Anyone who’s been using .NET Reflector for any length of time will by now be used to its built-in update mechanism. Every 6 months or so it will ask you to upgrade to the latest version and, if you don’t, will refuse to work after a few weeks have passed. Love it or hate it, it mostly works pretty well, unless your internet connection is down, in which case it can be a pain in the ass (we’re discussing options to improve this situation at the moment because, if you haven’t fired it up for a while, having it refuse to work until you upgrade immediately on startup isn’t a great experience – it’s not something we’re going to fix instantly, but watch this space).
So, you probably got a bit of a rude shock when you tried to upgrade from 126.96.36.199 (or earlier) to 6.0, and it opened up your web browser and redirected you to the product page on our website instead. Why on earth would we do this to you?
Well let me tell you, it wasn’t for marketing or PR reasons, and if it were, it would have to be one of the dumbest strategies in history: since when has annoying people been a great way of achieving anything (unless your surname is Jobs)? I’d be irritated by this redirect (both iTunes and Spotify get up my nose for this very reason).
Actually it’s all down to the legals. .NET Reflector itself is free (as in beer, not speech), so its license agreement hasn’t changed. .NET Reflector Pro on the other hand is paid for, so it needs a different set of terms and conditions. After months of back and forth it turned out that, as I’ve said, we didn’t need to make any changes to the .NET Reflector license agreement, and that we could use the same license agreement we use for all our other products to cover .NET Reflector Pro. To put this in context, there had been discussions around having some uber-agreement that covered both products, but it would have been complicated so thankfully wasn’t necessary.

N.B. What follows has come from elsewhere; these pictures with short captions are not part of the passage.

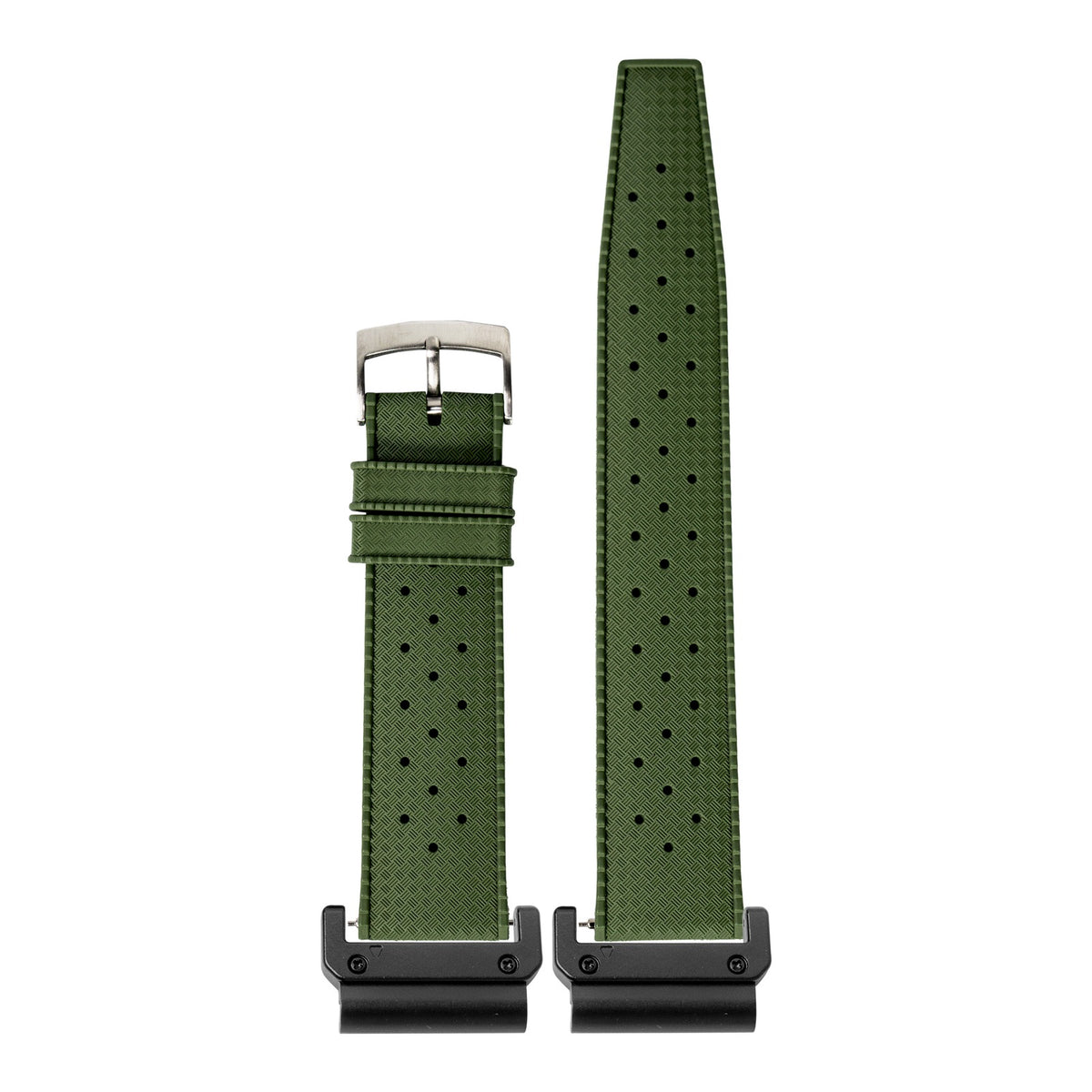 [QuickFit] King Tropic FKM Rubber - Forest Green with Slim Military adapters (Black)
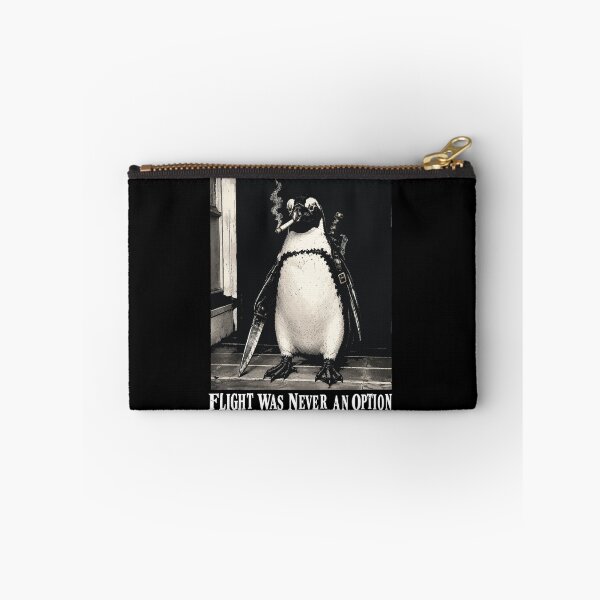 Item preview, Funny Flight was Never an Option Penguin Smoking Funny Bird Meme designed and sold by BornBorn.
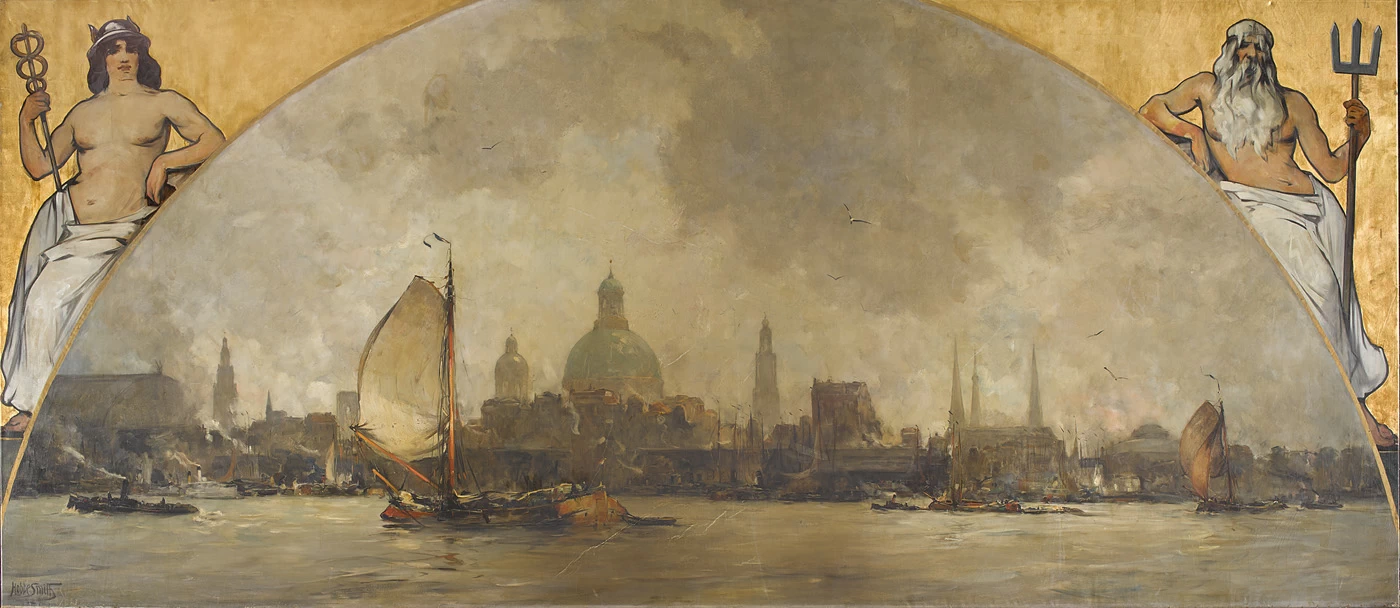 Vista dell'IJ di fronte ad Amsterdam - Amsterdam Museum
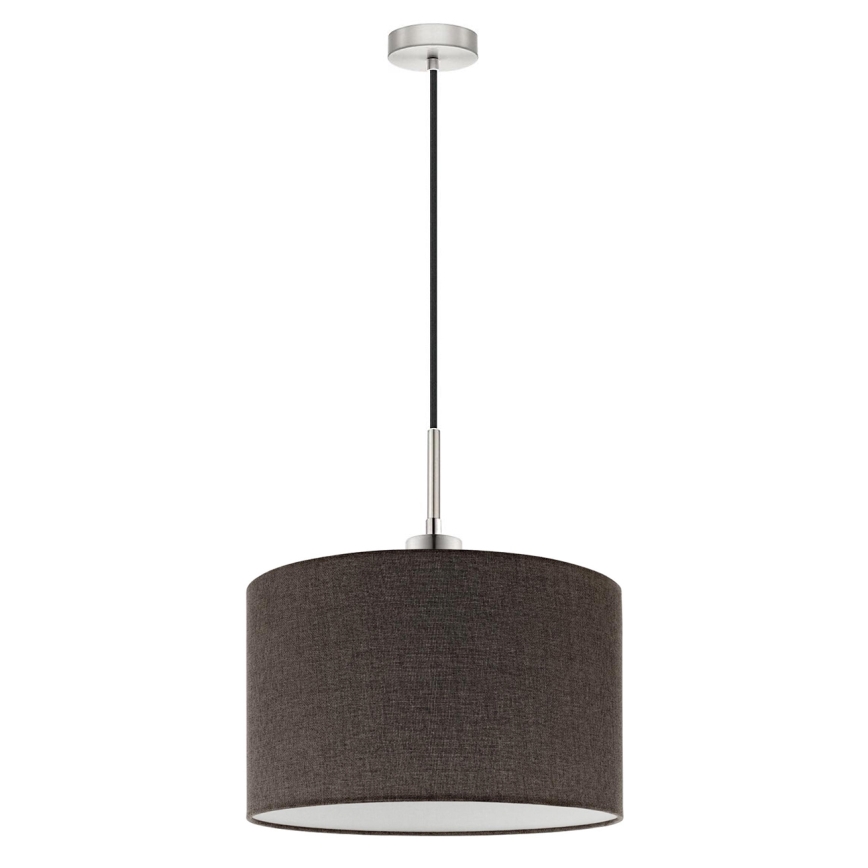 Eglo - LED Lustra ar auklu TUNJA 1xE27/60W/230V brūna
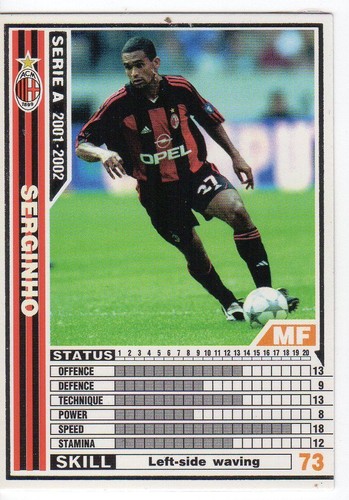 Figurina card wccf - card,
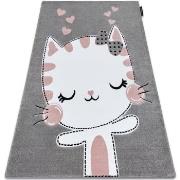 Tapis Rugsx Tapis PETIT KITTY chat, chaton gris 80x150 cm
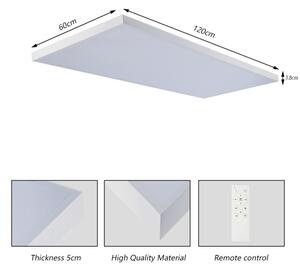 Brilagi-LED Stmívatelné koupelnové svítidlo FRAME SMART LED/96W/230V IP44 bíl+DO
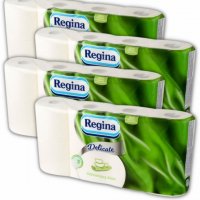 Papier toaletowy Regina Delicate odświeżający aloes (8 rolek) x 4 opakowania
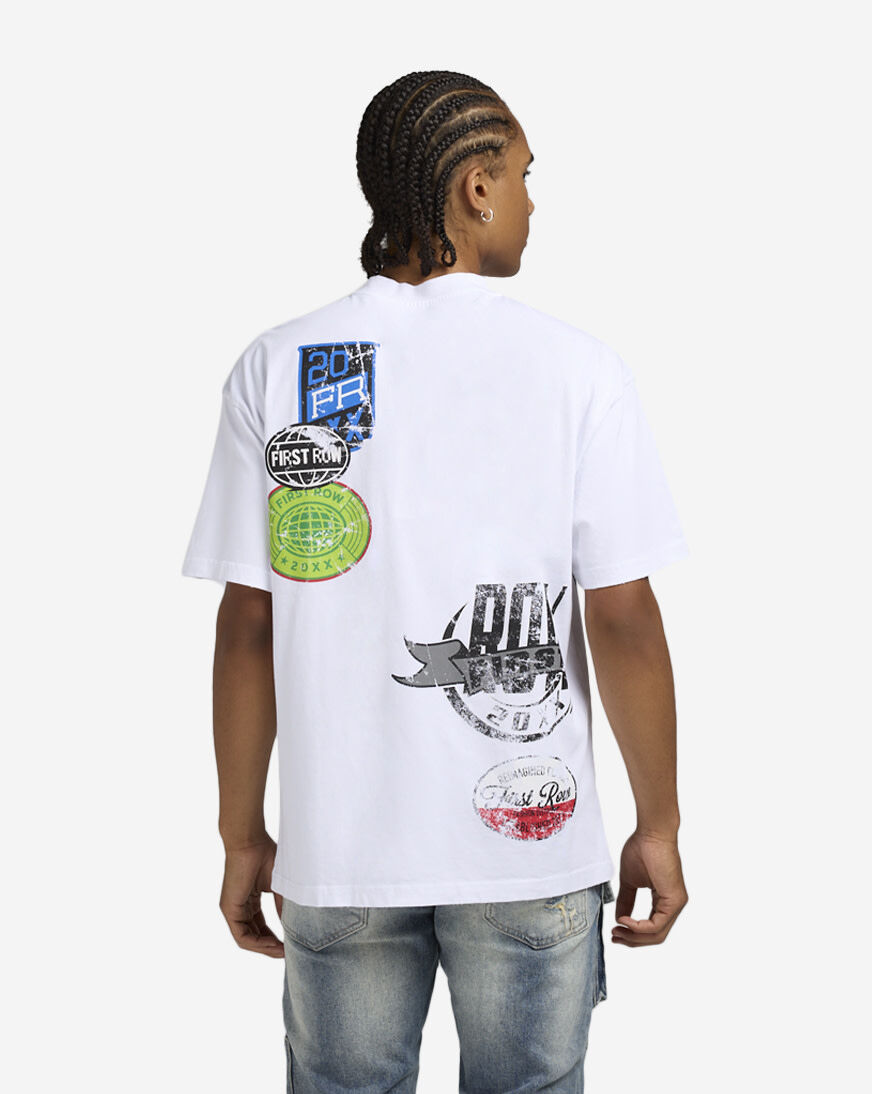 柔らかな質感の FRT2132S-WHT Tee Patch Graphic Row First Shop white USA SNIPES | トップス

The one fly in the ointment is that, because we’ve changed the Ts & Cs, we have to give everyone the opportunity to view the license agreements before they download the software, which includes anyone upgrading from a previous version. We were originally just going to bundle the additional Pro license agreement into the zip file, as we’ve done with the .NET Reflector agreement, but the lawyers told us this wouldn’t cut it. Hence the redirect to the website.
The good news is that, once you’re running 6.1, the auto-update mechanism will work as usual for future upgrades, unless we need to alter the Ts & Cs again. Given the amount of aggro involved last time around I’d do just about anything to avoid it.
So far that’s all fair enough, but what we didn’t do a great job of is explaining why this happened when you upgraded: at first everyone was just redirected to reflector.red-gate.com (this URL is hardcoded into .NET Reflector 5.1.x so there was no other option), which has always redirected to the .NET Reflector product page. I wasn’t massively enamoured of this but, when we started trialling this back in February nobody complained, so we thought we could safely proceed. When the 188.8.131.52 build expired at the end of February we noticed a big spike in downloads, which we’d anticipated (always happens), but again, no real complaints. With hindsight it’s obvious that this is because everyone upgrading was doing so willingly, and they were all probably quite anxious to get hold of the new version.
At the end of March the grace period expired and .NET Reflector 184.108.40.206 stopped working, forcing users to upgrade. And this is where it all went slightly awry. Here we’re dealing with a much larger proportion of people for whom the upgrade might be seen as a chore anyway, and we’re taking them to a product page on our website. This looks like we’re forcing them to view an advert. We’re not, but that’s what it looks like. I’d like to apologise for that, because it wasn’t our intention at all, although I can completely understand why you might think that.
So what have we done about this?
We still have to give upgraders the opportunity to view the license agreements however, from today, people will now be taken straight to the .NET Reflector download page. I’ve added a note at the top of this page which briefly explains why people have been redirected to the website. I’ve also removed the Simple Talk Reflector newsletter sign-up/registration process for people upgrading. The sign-up was optional, but it was causing some confusion and frustration, so it seemed best just to bin it. There are links to both license agreements on this page (no change here), and we make it clear that by downloading the product, you are accepting the Ts & Cs so, whilst there’s nothing non-standard or nefarious in there, if you’re at all unsure you should certainly cast your eye over these before downloading .NET Reflector.
OK, next topic.
Why does .NET Reflector automatically update itself at all?
I’ve dealt with this question before in a post here:
I’d recommend reading that post if you want a little more detail but, the short version, is down to support. .NET Reflector is hugely popular, to the point where it’s simply unrealistic for us to support multiple versions of the free edition. This isn’t unheard of for free applications: e.g., the free edition of Spotify regularly forces you to upgrade if you want to keep listening. Sure, I’d prefer if it didn’t, but I like the app enough that I’m willing to live with the faff, just like I’m willing to live with the ads (unless they’re Seat car ads – those things make me hog wild).
On the flip side, it means you get the latest functionality in .NET Reflector. The next forced upgrade won’t be until September, but it will include support for the new C# and VB language extensions in .NET 4.0 (this is in the free version), which we planning to release in a month or so.